Assignment:
Only the pictures are to be dropped; return all other data below exactly.

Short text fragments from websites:
★ ★ ★

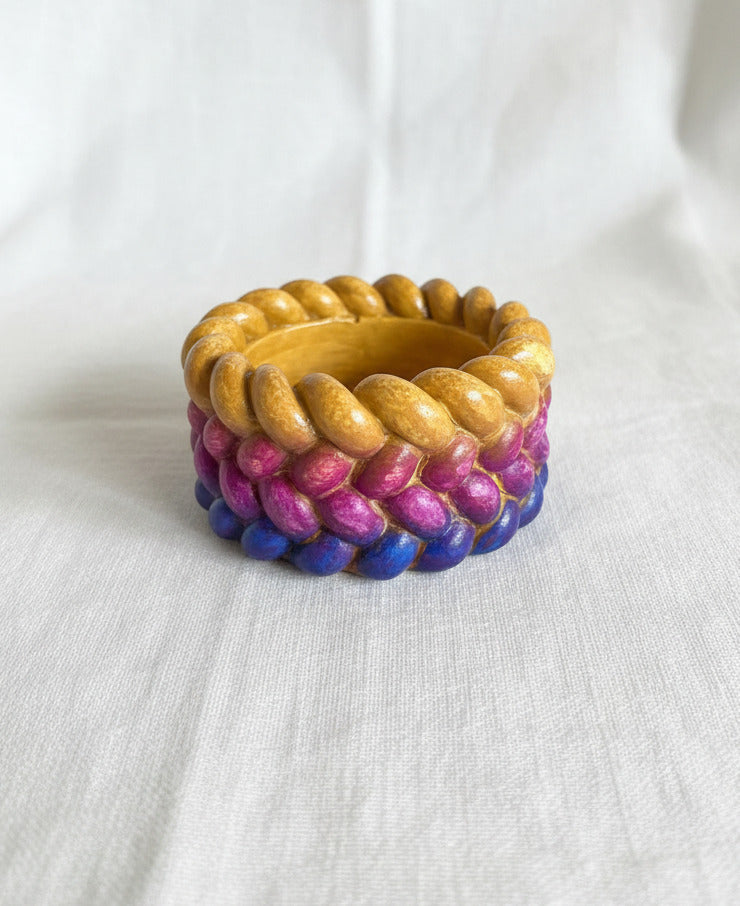 Kerzenhalter aus Gips  – handgemacht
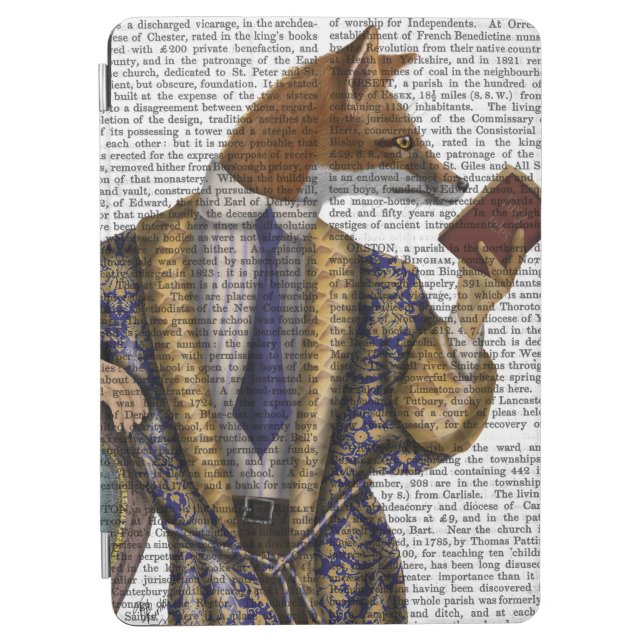 Book Reader Fox iPad Air Cover (Front)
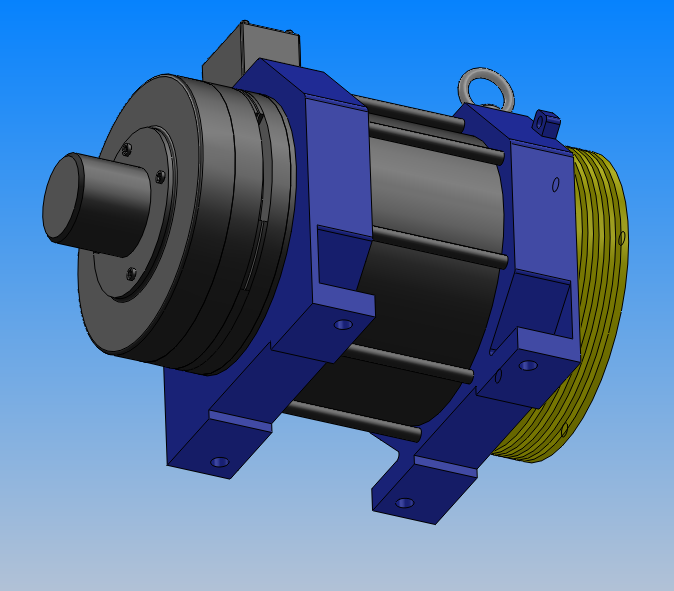 WYT-L无齿轮永磁同步曳引机 共8种型号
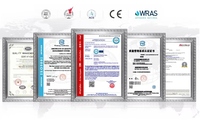 Soupape de décharge et de sécurité en laiton avec fonction d'installation facile pour chauffe-eau solaires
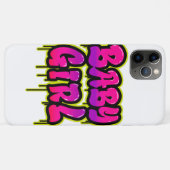 ベビーガールドリップワードアートスプレイ絵を描プピンクグリーン Case-Mate iPhoneケース (裏面(横))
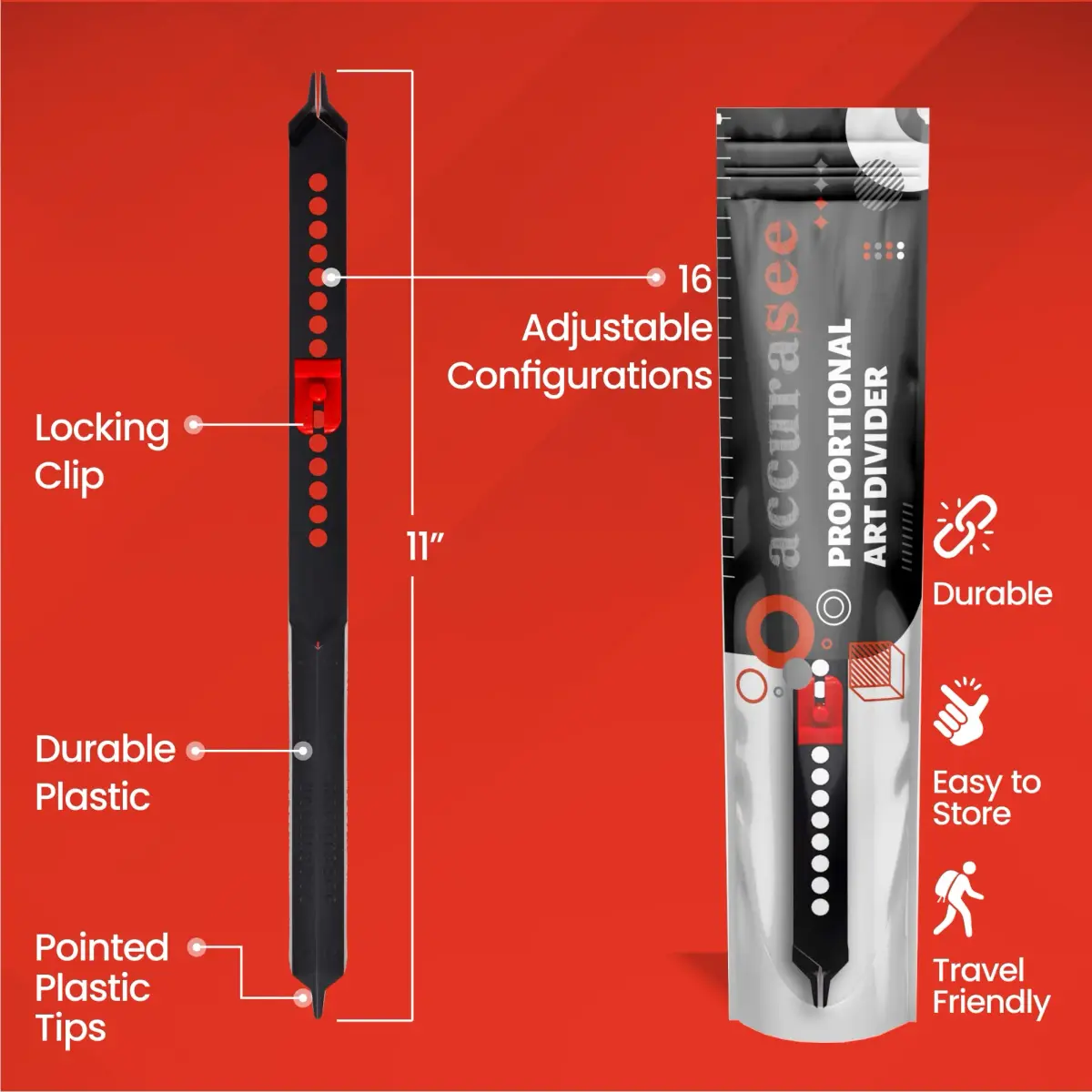 Accurasee Artist 11 Inch Proportional Divider | Drawing Tool for Scale Transfer - view 2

★ ★ ★

Written solution:
 Kerzenhalter aus Gips  – handgemacht
 Book Reader Fox iPad Air Cover (Front)
 WYT-L无齿轮永磁同步曳引机 共8种型号
 Soupape de décharge et de sécurité en laiton avec fonction d'installation facile pour chauffe-eau solaires
 ベビーガールドリップワードアートスプレイ絵を描プピンクグリーン Case-Mate iPhoneケース (裏面(横))
 Accurasee Artist 11 Inch Proportional Divider | Drawing Tool for Scale Transfer - view 2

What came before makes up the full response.